Because lately I’ve been slogging through Amazon’s The Romanoffs, the anthology series from Mad Men creator Matthew Weiner that includes at least one character each episode who claims descent from Russian’s doomed royal family, and finishing up the final season of Netflix’s House of Cards.
Not only are happy endings few and far between in these shows, but both are full of people so awful that even the twinkliest Hallmark Channel characters would be hard-pressed to turn them from the dark side. I’m generally OK with gloom (see TV, Scandinavian), but I do like things to have a point, and if the point is merely, “Everything is terrible,” well, thanks, but that’s what cable news is for.
So while it’s exhausting to try to keep up with Netflix’s own-every-genre style of programming, I’m not entirely unhappy that it’s lately been pointing me toward its growing library of romantic comedies (yes, even the teen ones). Among the made-for-Netflix offerings, there’s nothing like the brand discipline that exists at Hallmark, where you know what you’re getting going in — it’s hard to believe the same programmers ordered Netflix’s charming To All the Boys I’ve Loved Before and the seriously wrongheaded Sierra Burgess Is a Loser — but what its romantic comedies lack in consistency, they frequently make up for in diversity.
It’s hard to imagine Hallmark making Nappily Ever After, a Netflix romantic comedy about an African American ad executive (Sanaa Lathan) whose relationship with her hair is as complicated as it is with the men in her life, and yet the story it tells would fit in fine there. So would The Holiday Calendar, a Netflix holiday movie starring Kat Graham (The Vampire Diaries) as an ambitious photographer who can’t seem to focus on the right guy, and This Is Us' Ron Cephas Jones as the grandfather whose gift of an antique Advent calendar will change her life.
Like Netflix, Lifetime and Freeform — which also aspire to Hallmark’s holiday market share — don’t insist on all-white Christmases.
Hallmark, to be fair, isn’t unaware that its casting could be more inclusive, and it’s proceeding the Hallmark way — with familiar faces.
“That’s very important to us, to be more diverse,” Hallmark Channel CEO Bill Abbott told me in an interview last summer, adding that he thought they’d made strides in 2018.
Philadelphia’s Holly Robinson Peete, whose family’s show, Meet the Peetes, is the channel’s first venture into “reality” programming, starred this year, along with Rick Fox, in two Morning Show Mystery movies for the network’s Movies & Mysteries channel, based on books by NBC’s Today show weatherguy Al Roker, who also produced the movies.
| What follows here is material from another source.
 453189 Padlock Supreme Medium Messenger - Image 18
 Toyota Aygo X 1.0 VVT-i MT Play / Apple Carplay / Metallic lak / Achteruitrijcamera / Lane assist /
Peete also has appeared in other Hallmark movies, including last year’s Christmas in Evergreen and its sequel, Christmas in Evergreen: Letters to Santa, which premiered last Sunday (and will air again at various times, including 8 p.m. Wednesday, Nov. 28).
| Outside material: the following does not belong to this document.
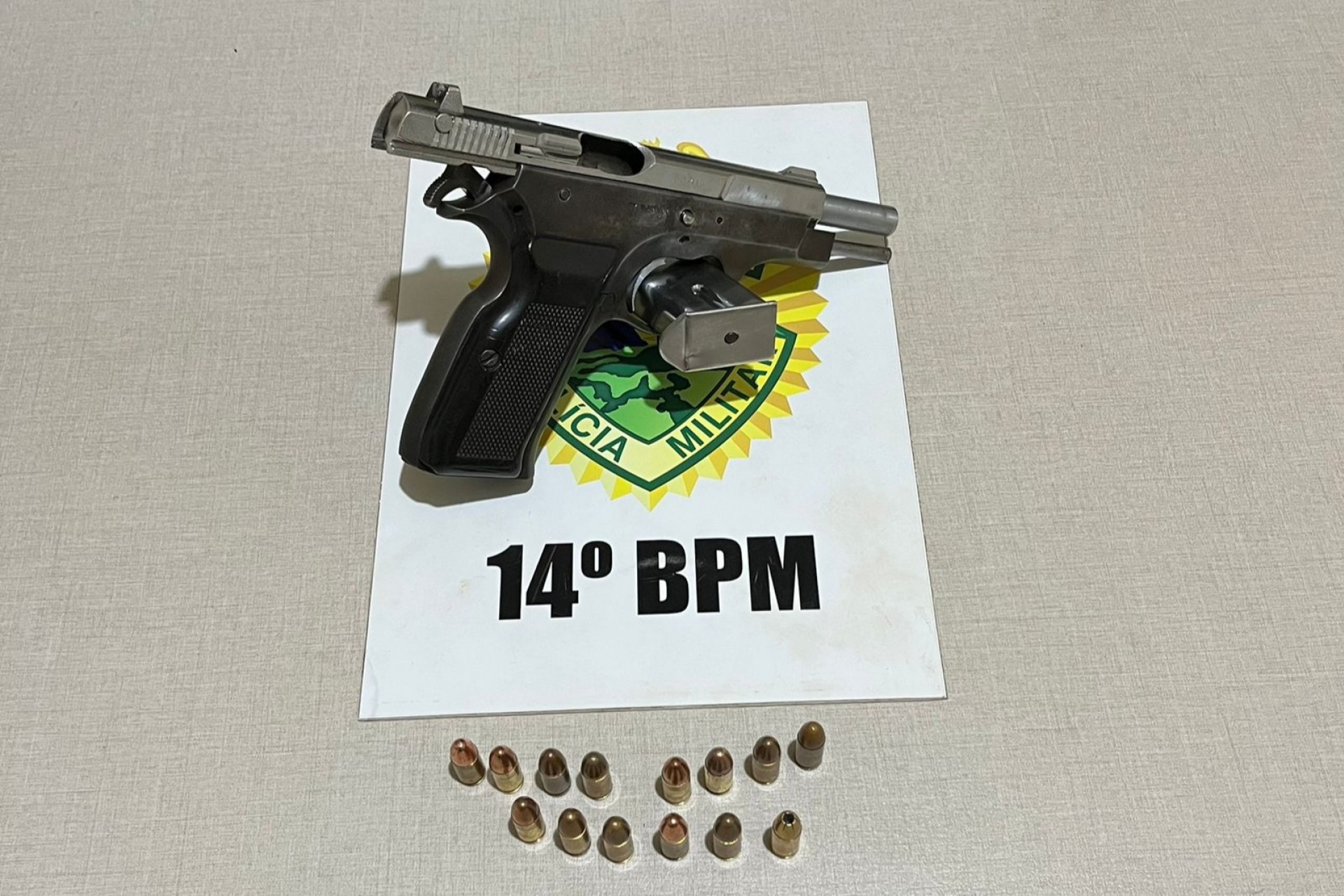 Itaipulândia:  Polícia Militar prende indivíduo com pistola 9mm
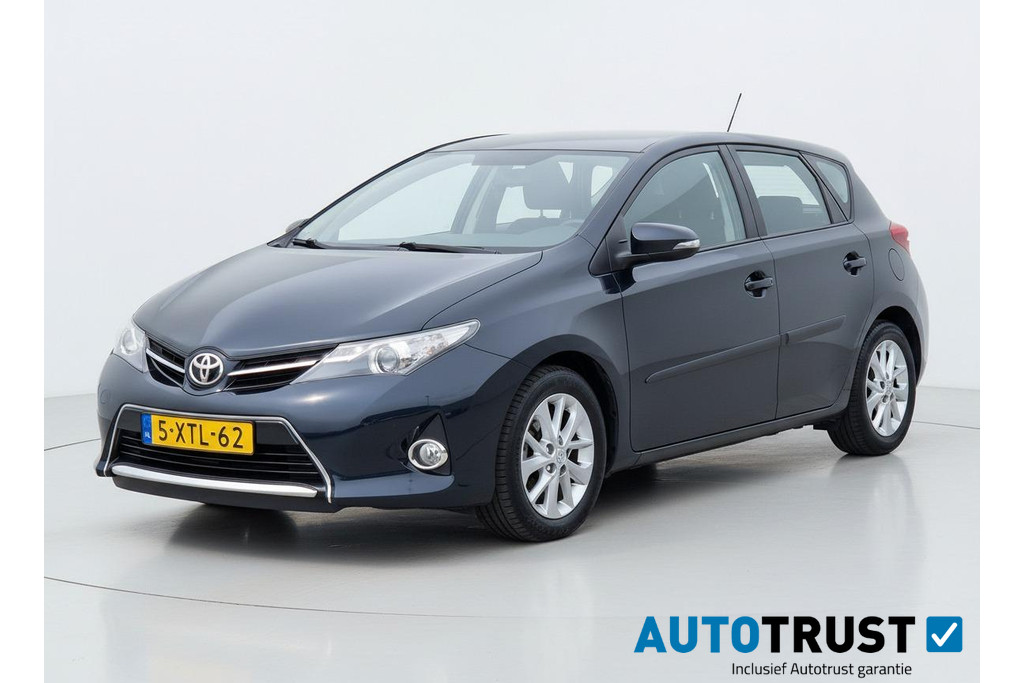 Toyota Auris 1.3 Now AIRCO CRUISE TREKHAAK 55549493-0.jpg | Autobedrijf Gerard Vulink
She and her husband, onetime Eagles quarterback Rodney Peete, will star with their family in the Meet the Peetes Christmas Special at 9 p.m. Dec. 3, before the series returns next year.
The network’s “Countdown to Christmas” lineup suggests signs of progress don’t begin and end with Peete. (Or as NiceGirlsTV.com put it, “Hallmark Channel is finally producing holiday movies with black leads!”)
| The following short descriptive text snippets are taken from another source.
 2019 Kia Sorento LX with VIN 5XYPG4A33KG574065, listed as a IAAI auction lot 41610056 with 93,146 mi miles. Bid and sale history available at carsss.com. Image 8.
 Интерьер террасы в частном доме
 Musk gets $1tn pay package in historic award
At 8 p.m. Saturday, Nov. 24, Tatyana Ali (The Fresh Prince of Bel-Air) stars, along with Dondré T. Whitfield (Queen Sugar), Dennis Haysbert (24), and Philadelphia’s own Patti LaBelle, in the debut of Christmas Everlasting, a Hallmark Hall of Fame presentation in which Ali plays a busy Manhattan lawyer who returns to her Wisconsin hometown after the death of her sister, and finds she’ll need to stay awhile (as characters in Hallmark movies nearly always do).